Comparing Computers

whaka2, May 17, 5:03am
I know there are lots of threads on here about computers and helping people pick one. I get so overwhelmed in the shops and know nothing about the differences.
I have a price for a "15.6" HP Business Notebook - i7 Processor
HP ProBook 450 G2" at approx. $1300 and was thinking I would need more memory but then told this one has a faster drive.
Can someone advise me how I can tell and if I will know how fast a drive is, is memory very important or can I install more at a later date if it isn't enough (current comp has 2 GB memory which is full), is i7 the bees knees and do I need it. A bit overwhelmed really. Normal usage at home nothing major. So question is what do I look for? willing to go up to $1500.
Thank you in advance.

r.g.nixon, May 17, 5:15am
'Normal' at home, means an i3 (or preferably i5) is all you need.
4GB of RAM is enough. An SSD for programs and storage is better than a HDD, but holds less.

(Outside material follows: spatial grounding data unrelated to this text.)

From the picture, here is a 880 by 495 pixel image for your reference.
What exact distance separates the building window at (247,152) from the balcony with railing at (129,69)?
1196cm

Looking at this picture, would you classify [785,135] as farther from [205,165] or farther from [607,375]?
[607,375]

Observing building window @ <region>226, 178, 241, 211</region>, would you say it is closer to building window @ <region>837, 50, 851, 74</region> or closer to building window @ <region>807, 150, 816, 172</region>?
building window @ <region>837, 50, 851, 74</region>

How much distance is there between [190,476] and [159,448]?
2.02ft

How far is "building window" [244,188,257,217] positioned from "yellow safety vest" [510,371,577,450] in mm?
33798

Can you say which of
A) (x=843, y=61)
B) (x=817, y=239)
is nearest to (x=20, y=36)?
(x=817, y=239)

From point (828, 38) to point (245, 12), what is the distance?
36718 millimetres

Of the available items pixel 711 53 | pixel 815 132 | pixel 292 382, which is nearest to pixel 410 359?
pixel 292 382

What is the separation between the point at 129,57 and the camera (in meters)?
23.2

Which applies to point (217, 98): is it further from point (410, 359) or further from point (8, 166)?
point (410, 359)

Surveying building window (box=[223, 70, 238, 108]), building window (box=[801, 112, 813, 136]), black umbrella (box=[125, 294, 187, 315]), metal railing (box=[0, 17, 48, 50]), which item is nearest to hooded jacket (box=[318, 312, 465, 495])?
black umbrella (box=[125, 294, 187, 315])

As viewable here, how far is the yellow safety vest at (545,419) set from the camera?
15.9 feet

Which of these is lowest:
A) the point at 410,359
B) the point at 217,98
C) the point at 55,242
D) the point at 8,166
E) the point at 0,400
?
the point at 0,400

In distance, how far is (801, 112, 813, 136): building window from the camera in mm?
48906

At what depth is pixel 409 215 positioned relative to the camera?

There will be websites that discuss 'best laptop for $1000' and similar. Get your google on.

vtecintegra, May 17, 5:51am
Can you post a link? Your post doesn't say how much memory, or what type of drive the system in question is using.

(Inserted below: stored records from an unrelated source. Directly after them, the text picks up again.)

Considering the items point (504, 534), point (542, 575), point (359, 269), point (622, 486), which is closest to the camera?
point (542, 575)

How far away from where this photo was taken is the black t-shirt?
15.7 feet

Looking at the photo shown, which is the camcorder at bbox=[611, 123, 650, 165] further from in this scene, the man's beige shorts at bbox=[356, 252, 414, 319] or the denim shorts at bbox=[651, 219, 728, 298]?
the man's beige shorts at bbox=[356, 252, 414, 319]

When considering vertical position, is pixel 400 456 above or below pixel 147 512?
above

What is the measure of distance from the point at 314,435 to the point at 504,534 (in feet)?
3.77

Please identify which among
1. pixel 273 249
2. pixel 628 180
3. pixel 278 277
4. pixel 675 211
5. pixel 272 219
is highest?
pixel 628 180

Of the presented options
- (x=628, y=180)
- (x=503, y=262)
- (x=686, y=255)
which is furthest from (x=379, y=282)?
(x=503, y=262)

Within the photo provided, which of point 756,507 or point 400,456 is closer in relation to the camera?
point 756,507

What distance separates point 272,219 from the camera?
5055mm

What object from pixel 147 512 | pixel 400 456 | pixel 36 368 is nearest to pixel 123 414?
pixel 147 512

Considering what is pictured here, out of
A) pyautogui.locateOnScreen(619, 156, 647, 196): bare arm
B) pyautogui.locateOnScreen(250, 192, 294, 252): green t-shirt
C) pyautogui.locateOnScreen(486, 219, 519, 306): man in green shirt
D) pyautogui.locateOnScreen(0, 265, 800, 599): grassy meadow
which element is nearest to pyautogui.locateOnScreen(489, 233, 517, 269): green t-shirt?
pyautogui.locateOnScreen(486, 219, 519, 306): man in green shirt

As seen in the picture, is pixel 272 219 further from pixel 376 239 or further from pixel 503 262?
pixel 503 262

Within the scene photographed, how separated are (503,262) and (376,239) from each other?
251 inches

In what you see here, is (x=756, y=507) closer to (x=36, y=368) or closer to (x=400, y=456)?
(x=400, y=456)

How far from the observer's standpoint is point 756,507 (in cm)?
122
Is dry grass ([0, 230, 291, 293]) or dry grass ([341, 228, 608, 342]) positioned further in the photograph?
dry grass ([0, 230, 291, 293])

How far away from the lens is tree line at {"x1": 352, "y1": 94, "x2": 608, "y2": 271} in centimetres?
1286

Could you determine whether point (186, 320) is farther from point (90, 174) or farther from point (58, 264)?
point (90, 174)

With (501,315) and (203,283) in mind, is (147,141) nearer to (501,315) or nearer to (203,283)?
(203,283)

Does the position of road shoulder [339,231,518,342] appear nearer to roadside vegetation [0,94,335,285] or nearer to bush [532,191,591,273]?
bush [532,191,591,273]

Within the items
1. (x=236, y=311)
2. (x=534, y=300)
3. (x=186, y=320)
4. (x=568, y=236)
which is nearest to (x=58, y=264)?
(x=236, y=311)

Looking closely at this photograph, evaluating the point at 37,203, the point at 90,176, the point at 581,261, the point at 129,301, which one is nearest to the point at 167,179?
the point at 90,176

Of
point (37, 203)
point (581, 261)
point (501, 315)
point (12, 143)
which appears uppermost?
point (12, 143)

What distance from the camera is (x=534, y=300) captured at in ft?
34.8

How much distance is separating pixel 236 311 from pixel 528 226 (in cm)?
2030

Anyway dual core i7s (like in the Probook) are a waste of money as they are only slightly faster than an i5 and considerably more expensive.

schizoid, May 17, 7:10am
There are dual core i7's now?!

I don't really keep up with laptop hardware so much, it wasnt even so long ago I discovered laptop i5's are only dual core.

Still, on topic, any of these from i3 to i5 are still good enough for basic use. Probably the best thing you can look for is a SSD. Maybe save some $ in your budget to add one, if whatever you decide on doesnt already have one.

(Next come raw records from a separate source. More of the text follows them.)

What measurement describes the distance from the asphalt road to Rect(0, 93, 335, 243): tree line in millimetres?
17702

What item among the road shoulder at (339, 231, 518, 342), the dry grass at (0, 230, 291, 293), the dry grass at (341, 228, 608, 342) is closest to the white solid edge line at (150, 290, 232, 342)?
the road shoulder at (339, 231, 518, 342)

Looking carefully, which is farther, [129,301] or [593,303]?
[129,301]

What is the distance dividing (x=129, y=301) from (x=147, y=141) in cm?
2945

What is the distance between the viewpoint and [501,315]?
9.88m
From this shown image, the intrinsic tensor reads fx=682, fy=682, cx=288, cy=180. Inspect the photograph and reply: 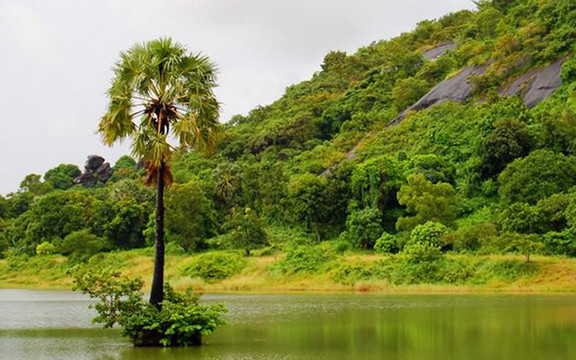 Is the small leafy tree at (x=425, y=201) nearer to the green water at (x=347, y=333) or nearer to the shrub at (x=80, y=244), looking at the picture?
the green water at (x=347, y=333)

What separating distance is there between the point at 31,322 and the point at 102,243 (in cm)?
4937

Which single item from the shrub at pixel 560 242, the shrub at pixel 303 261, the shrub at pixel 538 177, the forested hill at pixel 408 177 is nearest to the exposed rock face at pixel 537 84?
the forested hill at pixel 408 177

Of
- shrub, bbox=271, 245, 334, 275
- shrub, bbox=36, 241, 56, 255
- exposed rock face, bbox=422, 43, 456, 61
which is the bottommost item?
shrub, bbox=271, 245, 334, 275

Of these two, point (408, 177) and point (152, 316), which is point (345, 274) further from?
point (152, 316)

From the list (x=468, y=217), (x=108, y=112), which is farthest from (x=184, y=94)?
(x=468, y=217)

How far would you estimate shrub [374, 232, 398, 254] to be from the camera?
212 feet

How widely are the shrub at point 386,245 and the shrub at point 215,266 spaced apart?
12933mm

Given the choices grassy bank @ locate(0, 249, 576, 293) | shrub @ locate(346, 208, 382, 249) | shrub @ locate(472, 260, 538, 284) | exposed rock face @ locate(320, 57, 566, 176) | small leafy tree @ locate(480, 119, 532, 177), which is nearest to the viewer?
grassy bank @ locate(0, 249, 576, 293)

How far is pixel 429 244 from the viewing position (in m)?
59.1

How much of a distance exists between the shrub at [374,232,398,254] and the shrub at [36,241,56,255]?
3891 cm

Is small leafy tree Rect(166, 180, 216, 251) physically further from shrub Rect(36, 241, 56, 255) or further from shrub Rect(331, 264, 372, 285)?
shrub Rect(331, 264, 372, 285)

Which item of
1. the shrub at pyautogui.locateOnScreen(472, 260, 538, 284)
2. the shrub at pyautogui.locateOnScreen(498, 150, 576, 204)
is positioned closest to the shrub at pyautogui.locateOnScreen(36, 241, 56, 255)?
the shrub at pyautogui.locateOnScreen(472, 260, 538, 284)

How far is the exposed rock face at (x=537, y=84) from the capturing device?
86375 millimetres

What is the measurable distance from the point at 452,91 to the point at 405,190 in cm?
3913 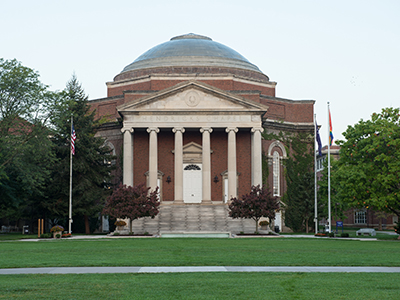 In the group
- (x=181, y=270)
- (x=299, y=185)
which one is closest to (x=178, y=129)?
(x=299, y=185)

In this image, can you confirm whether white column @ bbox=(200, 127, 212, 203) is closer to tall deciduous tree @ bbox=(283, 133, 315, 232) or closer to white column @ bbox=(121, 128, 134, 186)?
white column @ bbox=(121, 128, 134, 186)

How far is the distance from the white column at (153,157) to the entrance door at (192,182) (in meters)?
4.57

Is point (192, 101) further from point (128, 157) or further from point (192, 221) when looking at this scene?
point (192, 221)

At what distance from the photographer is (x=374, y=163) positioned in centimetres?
4228

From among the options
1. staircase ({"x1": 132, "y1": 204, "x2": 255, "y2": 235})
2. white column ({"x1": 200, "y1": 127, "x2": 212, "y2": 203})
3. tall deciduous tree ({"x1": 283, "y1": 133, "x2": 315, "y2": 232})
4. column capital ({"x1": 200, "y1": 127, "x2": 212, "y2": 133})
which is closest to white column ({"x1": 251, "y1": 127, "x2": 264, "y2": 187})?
column capital ({"x1": 200, "y1": 127, "x2": 212, "y2": 133})

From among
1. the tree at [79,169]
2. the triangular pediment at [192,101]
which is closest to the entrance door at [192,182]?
the triangular pediment at [192,101]

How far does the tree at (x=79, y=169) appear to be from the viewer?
5163 centimetres

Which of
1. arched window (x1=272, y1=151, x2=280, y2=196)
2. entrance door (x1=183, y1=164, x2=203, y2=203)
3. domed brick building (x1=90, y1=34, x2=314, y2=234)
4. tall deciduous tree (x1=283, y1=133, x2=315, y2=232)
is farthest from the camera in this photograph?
arched window (x1=272, y1=151, x2=280, y2=196)

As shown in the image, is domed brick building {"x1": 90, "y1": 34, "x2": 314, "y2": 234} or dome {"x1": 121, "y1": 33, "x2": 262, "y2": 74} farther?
dome {"x1": 121, "y1": 33, "x2": 262, "y2": 74}

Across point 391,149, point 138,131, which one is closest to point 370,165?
point 391,149

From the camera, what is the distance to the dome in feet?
210

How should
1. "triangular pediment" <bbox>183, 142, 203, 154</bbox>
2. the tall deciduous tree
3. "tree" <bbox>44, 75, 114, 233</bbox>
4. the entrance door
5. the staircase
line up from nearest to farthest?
the staircase → "tree" <bbox>44, 75, 114, 233</bbox> → "triangular pediment" <bbox>183, 142, 203, 154</bbox> → the entrance door → the tall deciduous tree

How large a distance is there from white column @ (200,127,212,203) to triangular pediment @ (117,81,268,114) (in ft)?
7.41

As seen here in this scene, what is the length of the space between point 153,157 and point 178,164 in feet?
7.61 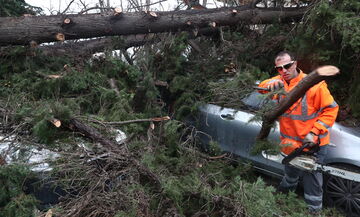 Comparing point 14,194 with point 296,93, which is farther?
point 14,194

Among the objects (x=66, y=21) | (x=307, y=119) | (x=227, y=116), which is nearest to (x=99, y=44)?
(x=66, y=21)

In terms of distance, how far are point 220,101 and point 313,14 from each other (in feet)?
6.55

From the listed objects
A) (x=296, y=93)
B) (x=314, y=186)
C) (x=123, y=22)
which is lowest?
(x=314, y=186)

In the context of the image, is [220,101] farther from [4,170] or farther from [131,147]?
[4,170]

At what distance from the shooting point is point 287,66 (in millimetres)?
3668

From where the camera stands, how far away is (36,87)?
5.23 meters

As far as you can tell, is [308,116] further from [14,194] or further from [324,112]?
[14,194]

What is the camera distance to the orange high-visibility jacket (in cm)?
348

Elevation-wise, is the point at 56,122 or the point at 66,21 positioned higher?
the point at 66,21

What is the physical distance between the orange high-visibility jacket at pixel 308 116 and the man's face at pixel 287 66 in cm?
6

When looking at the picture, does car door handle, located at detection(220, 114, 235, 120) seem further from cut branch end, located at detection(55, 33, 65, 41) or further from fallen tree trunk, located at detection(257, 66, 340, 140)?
cut branch end, located at detection(55, 33, 65, 41)

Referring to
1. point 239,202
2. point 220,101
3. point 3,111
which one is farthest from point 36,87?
point 239,202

vtecintegra, May 17, 7:16am
There have always been dual core mobile i7s, they're just a lot more common now ULV CPUs are the norm.

Mobile quad cores have either HQ or MQ after the model number

schizoid, May 17, 7:26am
The Sandy Bridge i7 in my old laptop is a QM, which is a full 4 core, 8 threads. Probably chews the power a bit more than these modern ones though.

ianab, May 17, 10:25am
Yes it's confusing

It's like buying a car. Do you buy a 4cyl, a 6 or a V8? They all "work" in the same way as a I3 / 5 / 7 work.

But do you get 4WD, or a turbo, or a coupe or a station wagon?

See it depends what you need.

You NEED enough CPU grunt to run the programs you plan to run. Normal home use? An I3 will do fine. Want to play serious games, edit video, Render the next Hobbit Movie? Then you need more grunt.

RAM? Again you need enough. 2 gb can be limiting. 4 - 8 gb is more normal. Again depends what you are doing. If you aren't using the extra RAM, then it's wasted. A 3D rendering work station might run 64GB of RAM to maximise the performance. But it wont make TM or your favourite cat video load any faster.

Hard disk? More capacity is good. You can store more stuff. Faster (SSD ) is better just because it works faster. You look at the cost / benefit. A 256mb SSD is faster, a 1 tb magnetic disk can store more.

Graphics chip? May or may not matter. If you are gaming it's probably the MOST important thing to consider. If you are surfing the net, it doesn't matter at all, as long as the cat videos play.

Then you have the other things like how good the keyboard / screen / speakers etc are. Does it have enough ports to connect stuff? Can you connect it to your TV? Do the speakers sound tinny? How is the battery life, more powerful chips use more power etc. Things like that matter in every day use.

Probably confused you more. But I would suggest very different PCs depending on a users actual needs. (and budget) Paying an extra $500 for a machine with a fancy fancy graphics chip that you don't use is silly. Maybe better to spend that on Fibre Broadband so TM loads faster. That sort of thing.

pop7, May 17, 3:34pm
Have you thought of a Mac .I have had windows computers for years and for a change and reasons of portability and battery life I recently purchased an 11 inch Mac book air . I personally love it very easy to use and wonderful battery life . I prefer it over an ipad which I have as well.

whaka2, May 17, 9:18pm
Thanks for all the help, yes ianab - I likened it to purchasing a car too - so many options and figuring out which is perfect for you takes time. I guess the difference is not really visual with computers. I will take all of this into consideration and probably buy the one that looks good - total woman way to go.

cafc2012, Nov 9, 2:19am
If "Normal usage at home " does not include editing videos or playing state of the art computer games, that i7 processor is not necessary, and a cheap option will save you some money.

It might help if you tell us the make and model of your current laptop, and what you dont like about it, and someone here can suggest a suitable, simple set of specifications you can use as your "bottom line" requiremenbts (then you can chose the one you like the look of that fits those specifications). By the way, how the laptop looks is important too, especially if you are using it every day.